Acquiring capital and knowing how to use it is very important in the running of any startup. The fact is raising capital is one of the most challenging issue to many startups. The fact is raising capital is one of the most challenging issue to many startups. According to CBI insights findings, over 29% startups fail because of failing to raise the necessary capital they need to scale their innovation or product. In 2013, Flud; an online social news reader startup shutdown, after failing to raise an additional funding. Despite multiple approaches and incarnations in pursuit of the ever elusive product market fit and monetization, Flud eventually ran out of money and closed down.

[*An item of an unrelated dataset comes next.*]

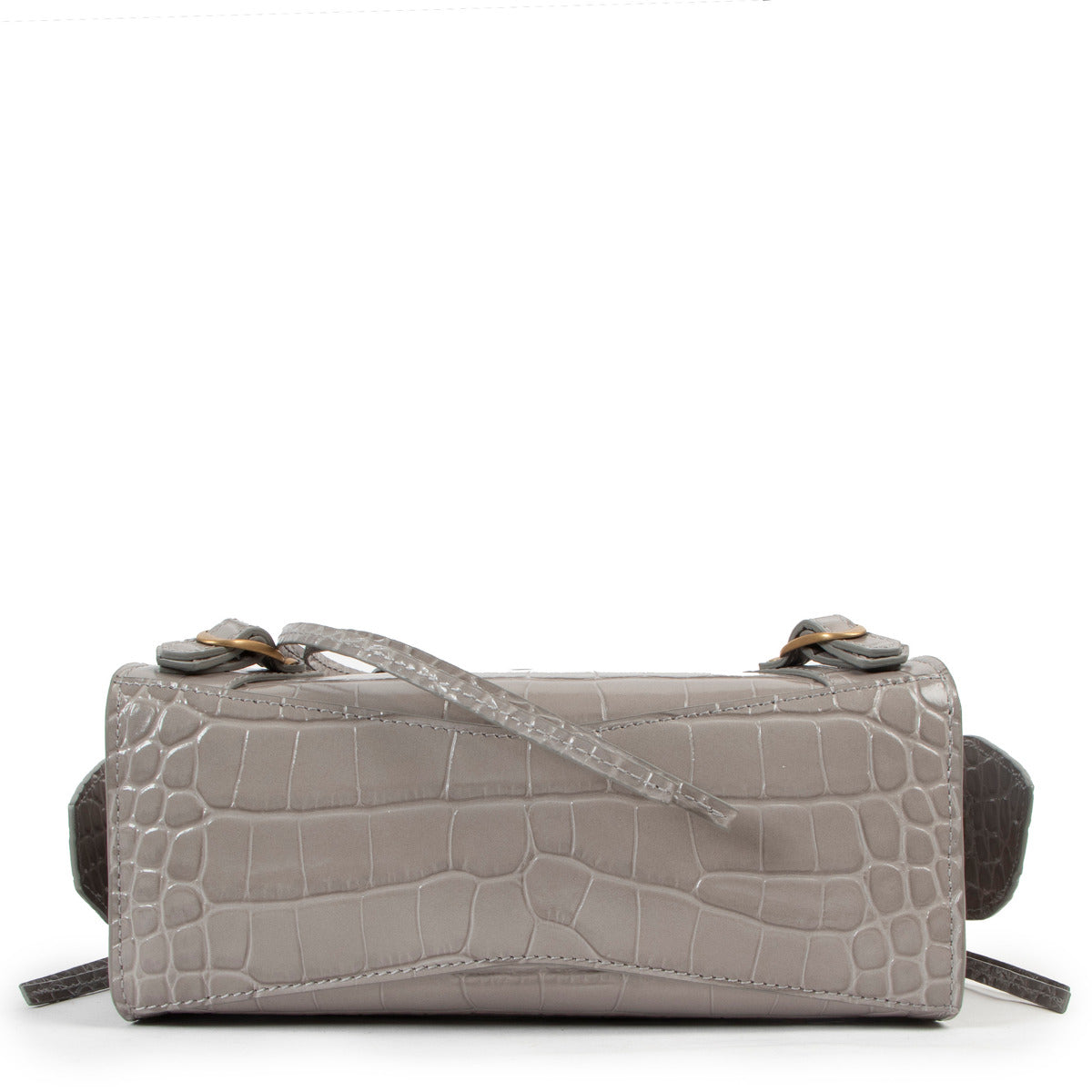 Sac à main Balenciaga Neo Classic Mini gris acier embossé croco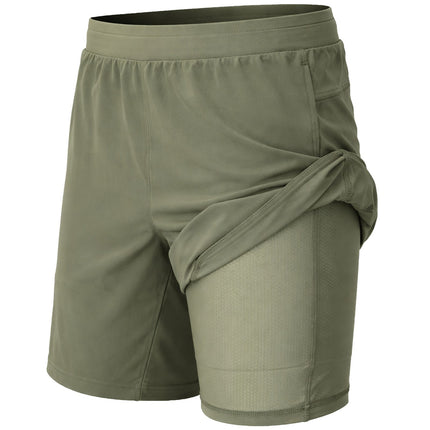 Men's 2-in-1 Running Shorts Quick Dry Stretch Athletic Gym Workout Shorts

Even those startups that get the capital, mastering how to use it is very critical to their success and continuity. For example, DAQRI, a Los Angeles-based Augmented Reality startup, found itself floundering after burning through investments in excess of $250M and acquiring 4 other entities.
- Being out competed
Running a startup is like running any business because competitors will always be there. Despite the platitudes that startups shouldn’t pay attention to the competition, the reality is that once an idea gets hot or gets market validation, there may be many entrants in a space. And while obsessing over the competition is not healthy, ignoring them is also a recipe for failure in 19% of startups. Some startups even get it wrong by tampering into an area; a premier colony with already established competitors. One of the reasons why Daqri failed was because it faced substantial challenges from competing headset makers like Magic Leap and Microsoft, which were backed by more expansive war chests and institutional partnerships. Successful Startups find a totally unique niche and dominate it with their own innovation before other competitors intrude in. A case in point is Elon Musk’s Falcon Space program, some of the things it does is to manufacture reusable rockets for different space programs. This innovation created its niche without any competitor and it has successfully dominated it.
- Contradicting goals & ambitions
Some startups fail because founders lack a clear goal that guide their business or innovation. Some founders even fail to grasp the fact that, what they’re doing takes entreprenuership spirit to succeed. Contradicting goals come into play when founders fail to balance the pesonal goals and the actual goals of their own business; something that leads to total failure. A founder of a startup must look at the bigger picture to solve the market needs at all costs, even when it means sacrificing their own personal needs first.